Day 3 and we were under sail on the yankee only.  A slight course change allowed us to sail downwind so we had another attempt with the Hydrovane which was not successful.   The sea was so sloppy that we had to manually steer.  Our poor yacht was rocking and rolling from side to side for hours.  I did wonder at one point what the foodstuffs would be like after all that mixing up!

By early morning on day 4 we were surfing, at times over 8 knots, down the swell.  We were visited by another turtle and a small pod of dolphins joined in the bow wave.
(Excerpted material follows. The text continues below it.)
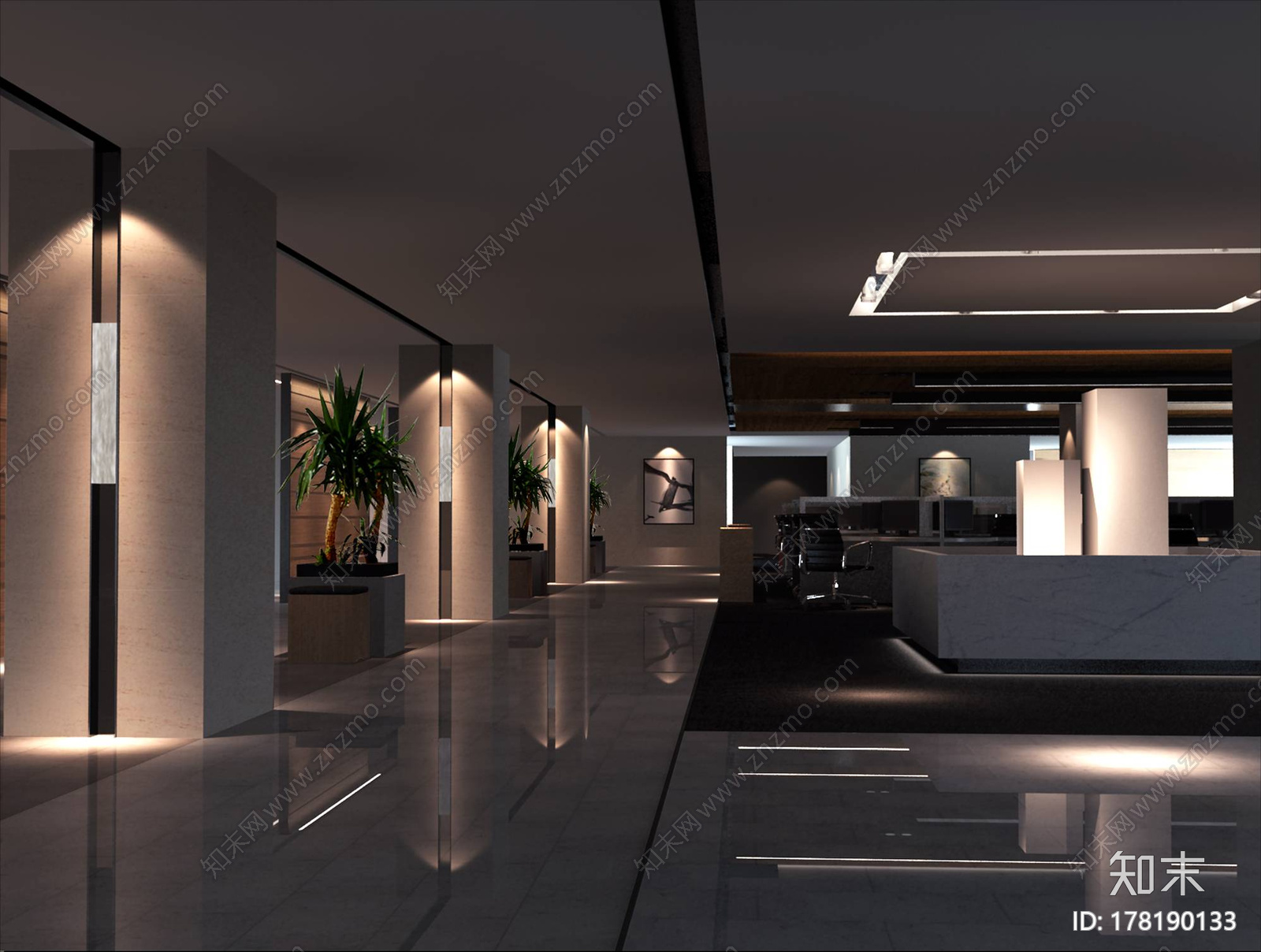 办公室施工图|CAD施工图+效果图cad施工图下载【ID:178190133】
Early afternoon saw us on the lookout after a DSC mayday message of a red flare sighting.  We didn’t see anything however.  By evening we had crossed the Greenwich Meridian and were now in the west!  By night fall the engine was back on with again only 1 knot of wind. 

In the wee hours of day 5 we were passing Cartagena to starboard.  A TSS (traffic separation system) meant that we had lots of traffic between us and the mainland (our first sight of land since leaving Sardinia).  Just before the sky lightened we were visited by a pod of dolphins who swam with us for an hour.  The spectacle was amazing – in the darkness the phosphorescence trails they left behind them were clearly visible and I could trace their underwater paths.  About half an hour into their company the distinct smell of fish surrounded us and I reckon they had driven their shoal of fishy dinner towards the keel and were using us as an effective way of stopping the chase.  Clever dolphins!

Breakfast that day was to be fried eggs but it had to be delayed as a leak in the cabinetry was found which required tracing.  It’s either the foresail track bolts which have loosened or the teak deck.  A full investigation will be undertaken when we reach Gibraltar.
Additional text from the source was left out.